言志四録とは、江戸時代の儒学者で徳川幕府唯一の大学である昌平坂学問所(昌平黌(しょうへいこう))を統括した佐藤一斎の著書、「言志録」「言志後録」「言志晩録」「言志耋(てつ)録」の4冊を指します。
この本は絶版になった「いかに人物たり得るか−−佐藤一斎「言志四録」をどう読むか」(三笠書房)をもとに、大幅に書き直して改題し、致知出版社から出版されたものです。
ひょっとしたら前作が出版された1993年当時、私はこの本を読んだかもしれません。
あのころは中国古典に関する本を読みあさっていましたし、神渡さんの本も何冊か読みましたから。
言志四録の中には、有名な言葉がたくさんあります。その中で私は、以下の言葉を座右の銘としていました。
「当今(とうこん)の毀誉(きよ)は懼(おそ)るるに足らず。後世の毀誉は懼るべし。一身の得喪(とくそう)は慮(おもんばか)るに足らず。子孫の得喪は慮るべし。」(言志録89条)
だいたい意味はわかると思います。つまり、自分がどう評価されるとか、今の損得がどうかなどにこだわらず、もっと大きな目で見て、後世の人がどう評価するかとか、後々の人の損得を考えて行動せよ、ということです。
なかなかこのように生きられない弱さを持っていると思っていましたが、それでもこれを意識することで、私もそれなりに道を切り開いてこれたのだなあと思います。

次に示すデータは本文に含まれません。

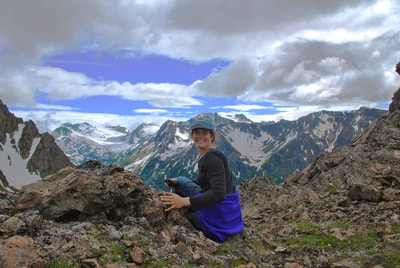 A smiling woman posing on the top of Alpine Ridge with the mountain peaks of the Kachemak Bay State Park in the background.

前半は、佐藤一斎に直接師事したわけではありませんが、「手抄言志録」として自ら言志四録をまとめたものを作った西郷隆盛の話が書かれています。
西郷隆盛と言えば、「西郷隆盛 人間学」という本も、神渡さんは書かれています。
これを読んだ時も、西郷の生き方に感動して泣きましたが、今回もやはり泣いてしまいました。
読みながらも、思わず居住まいを正してしまいます。背筋が自然と伸びるのです。
苦難の中にあっても、自分自身をあきらめなかった西郷。その強さは、一斎の言志四録から学んだことかもしれません。

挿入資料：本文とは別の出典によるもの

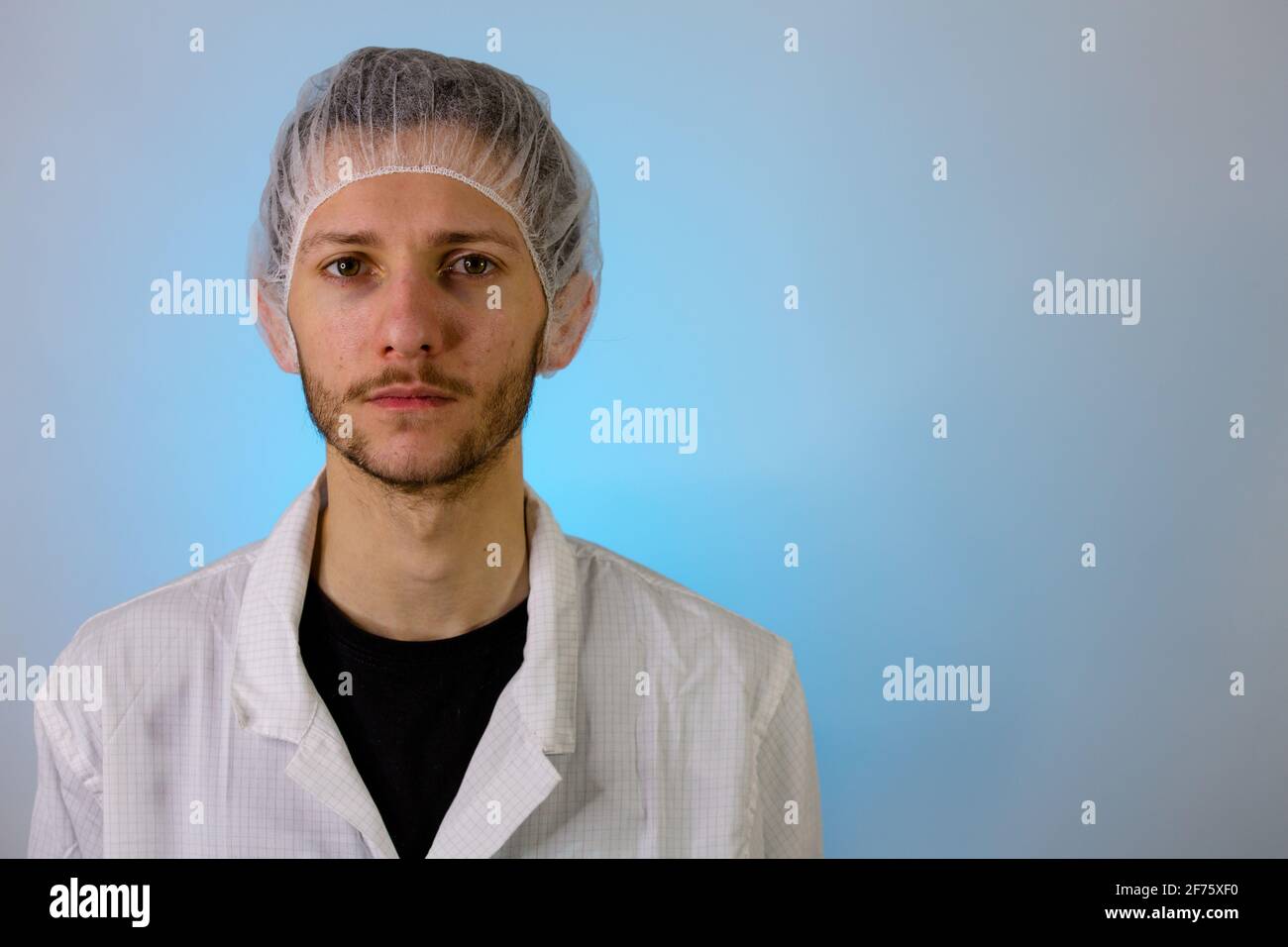 Un maschio adulto vestito in un camice bianco da laboratorio con una rete di capelli su. Pronto per lavorare in una camera bianca o in un laboratorio Foto Stock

「天下のこと、もと順逆なく、わが心に順逆あり。」(言志耋録133条)
出来事はニュートラルだと言いますが、一斎も同様に考えていたのです。
「他人に逆境と見えても、自分には順境と見える。ところが自分の心がすさんでいれば、人には順境と見えることすらも、自分は逆境と受け止めてしまう。結局は自分の心なのである。
一斎の静かではあるが力がこもった言葉、「いかなる立場にあろうとも、生死のことは天に任せて、自分はただ敬の一字をもって貫くだけである」が、獄中の西郷にはただただうれしかったに違いない。」(p.46)
また、「今、ここ」に生きよということも、スピリチュアルな世界ではよく言われますが、これも同様のことを一斎は言っています。
「心は現在なるを要す。事未(いま)だ来たらざるに、邀(むか)うべからず。事すでに往(ゆ)けば、追うべからず。わずかに追い、わずかに邀うれば、則(すなわ)ちこれ放心なり。」(言志晩録175条)
「われわれはいつでも心を現在のことに集中しておかなければならない。事がまだ起こっていないのに、いたずらに取り越し苦労をしてはいけない。また過ぎ去ったことを追いかけてはいけない。わずかでも過去を追ったり、まだ来ない将来のことを案じることは、ともに自己の本心を失っていることである」(p.90)
「人心(じんしん)の霊なるは太陽の如(ごと)くしかり。ただ克伐怨欲(こくばつえんよく)、雲霧の如く四塞(しそく)すれば、この霊いずくにかある。ゆえに、誠意の工夫は、雲霧を掃(はら)いて白日(はくじつ)を仰ぐより先(せん)なるはなし。およそ学をなすの要は、これよりして基(もとい)を起こす。ゆえに曰く「誠は物の終始なり」と。」(言志耋録66条,南洲手抄言志録90条)
「孔子は門人の原憲(げんけん)の問いに答えて、克・伐・怨・欲を克服することが人に至る道だと説いたが、きわめて難しい問題でもあることも率直に認めている。あらためて、克(人に勝ちたがること)、伐(自慢したがること)、怨(怒り恨むこと)、欲(むさぼり欲しがること)の四悪徳を日々克服していけるよう自覚したい。」(p.137)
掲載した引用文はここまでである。